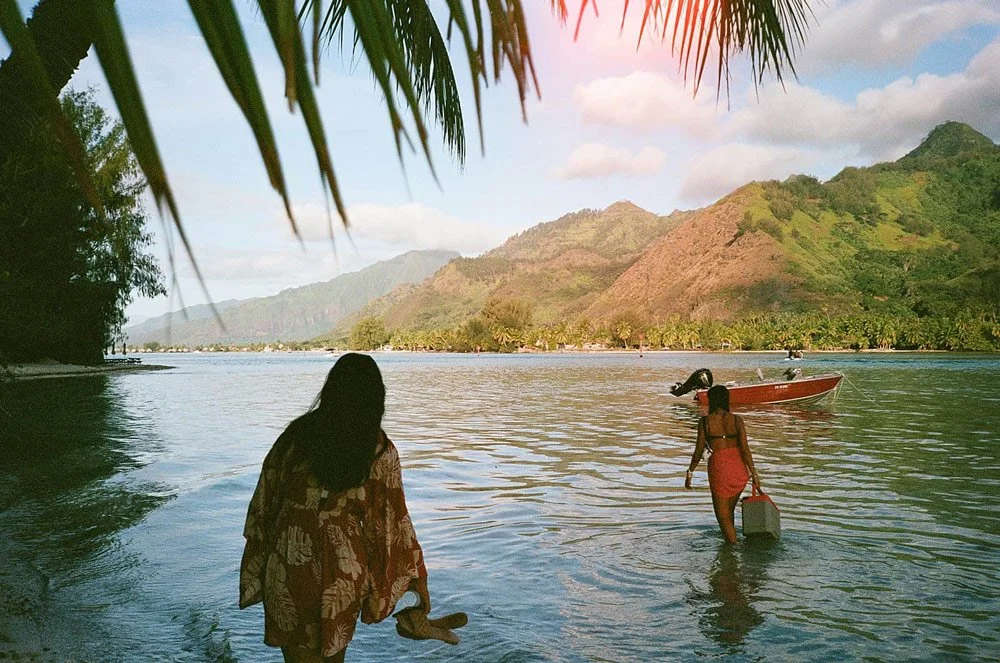 A beach scene from French Polynesia.
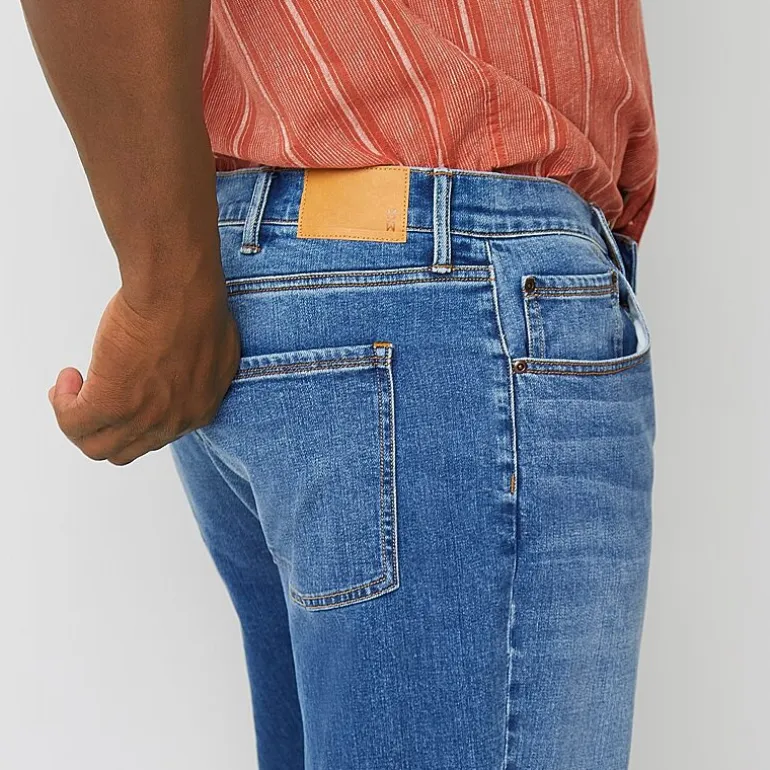 mutual weave Big and Tall Mens Tapered Leg Athletic Fit Jeans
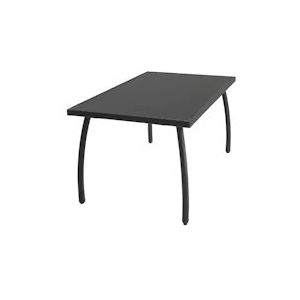 Tarrington House tafel Noelani, rotan/glas, 150 x 90 x 74.5 cm, rechthoekig, zwart - zwart Multi-materiaal 4337231345560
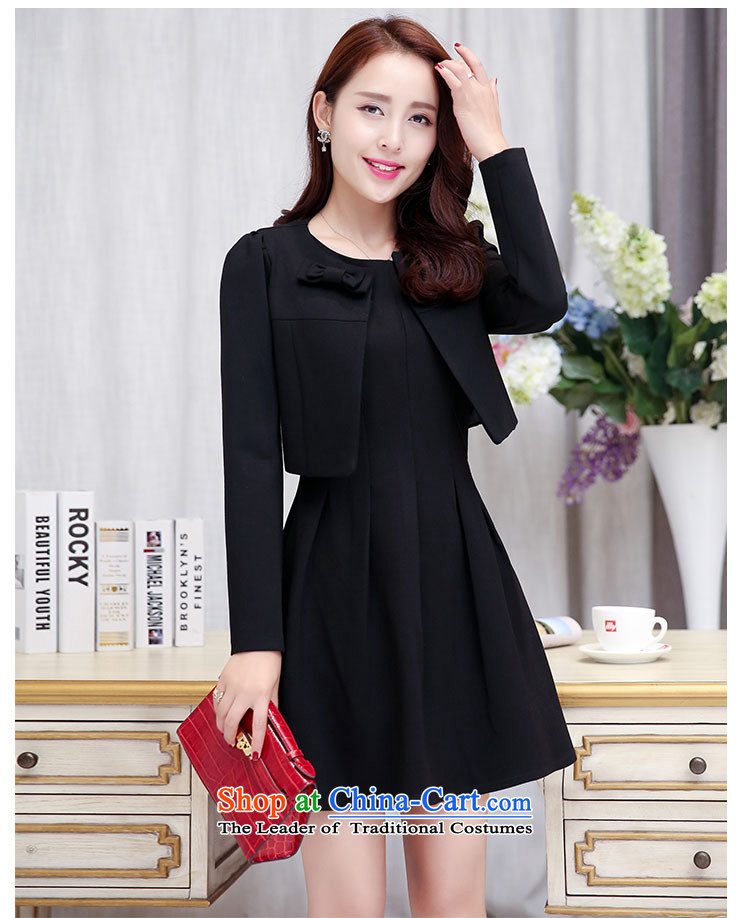 Ya-ting shop 2015 Fall/Winter Collections of new products Korean women's dresses two kits BAMS9033 black XXL picture, prices, brand platters! The elections are supplied in the national character of distribution, so action, buy now enjoy more preferential! As soon as possible.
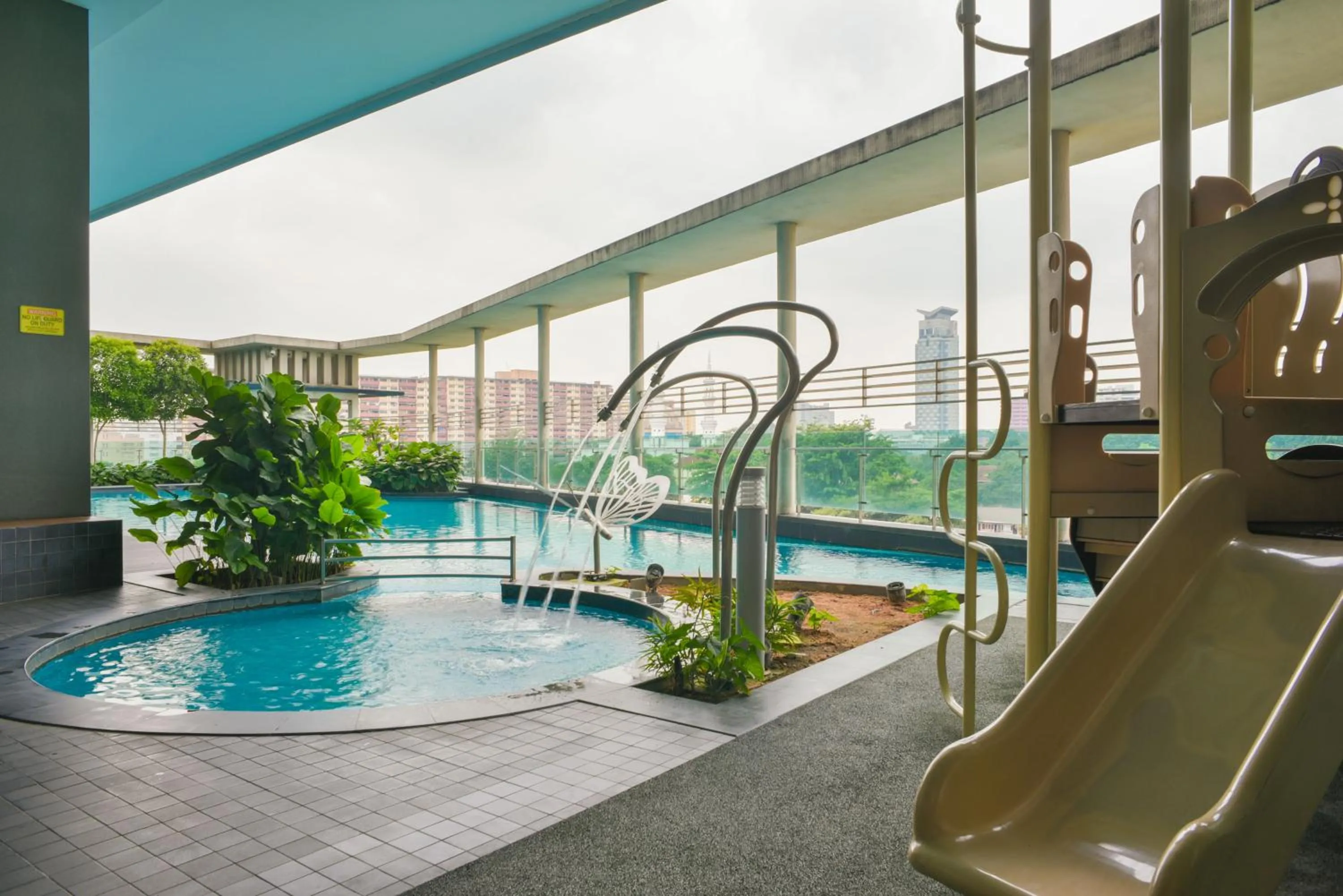 Pool view in BBHomes at Casa Residency KL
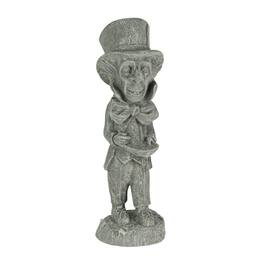 Things2Die4 - Mad Hatter Alice in Wonderland Light Finish Statue 19 in-CEMENT - Gray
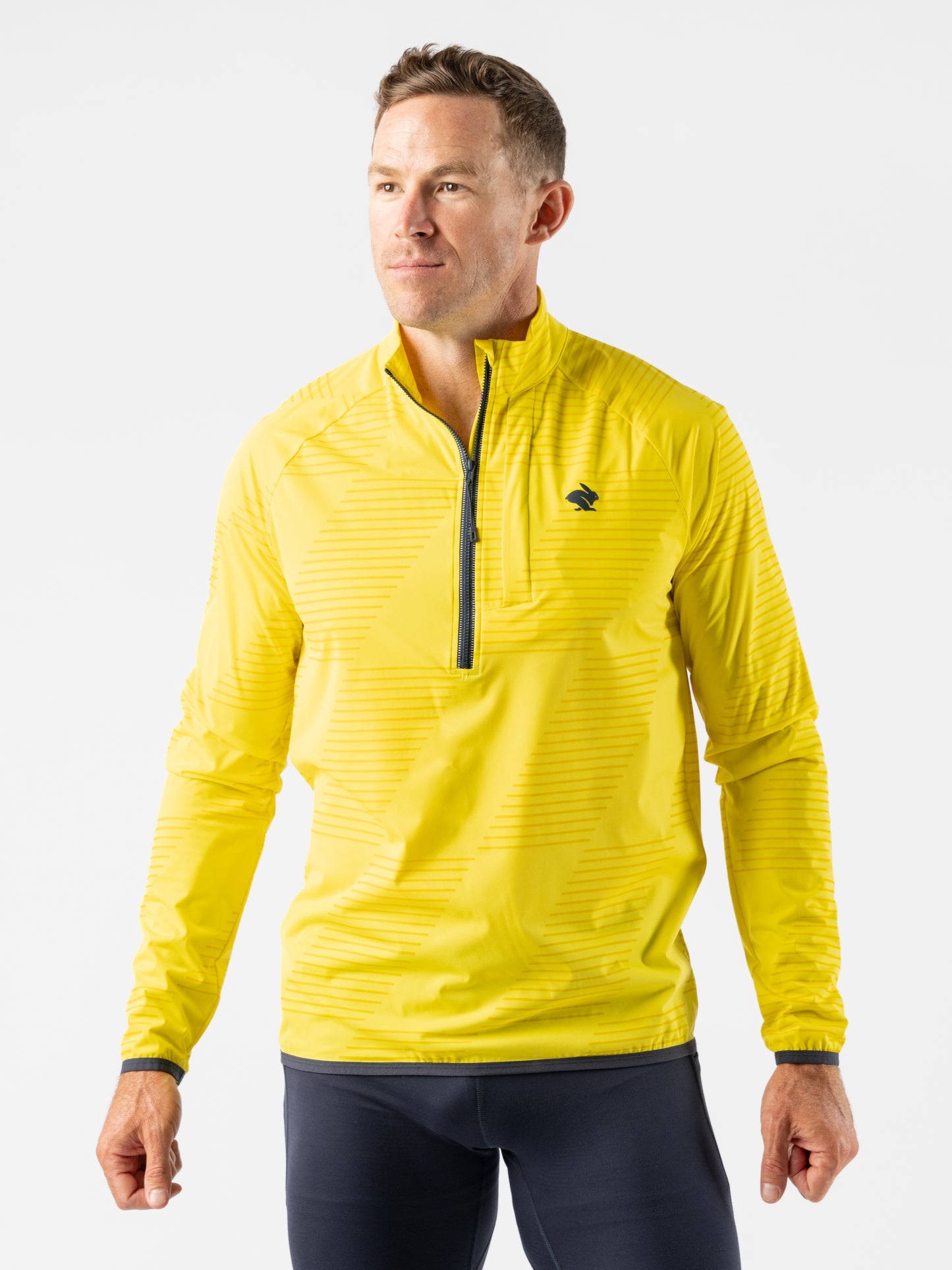 rabbit - Low Light Swish Pullover 2.0 - Blazing Yellow - Men's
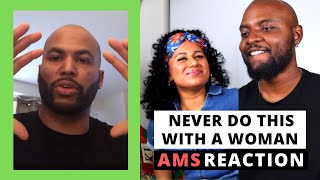 Three Things A Man Should Never Do With A Woman  Alpha Male Strategies AMS REACTION [upl. by Enialed384]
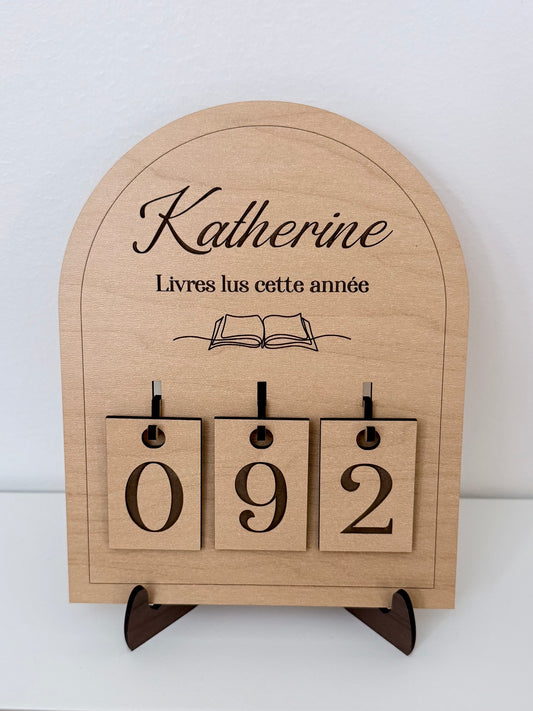 Affiche "Livres lus cette l'année"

AIM OF THE TASK –
In the listing above, the required lines run from the line with "Ya-ting shop 2015" through the line with "Pool view in BBHomes at Casa Residency KL". Output exactly those lines, omitting pictures.

EXERCISE RESPONSE –
 Ya-ting shop 2015 Fall/Winter Collections of new products Korean women's dresses two kits BAMS9033 black XXL picture, prices, brand platters! The elections are supplied in the national character of distribution, so action, buy now enjoy more preferential! As soon as possible.
 Pool view in BBHomes at Casa Residency KL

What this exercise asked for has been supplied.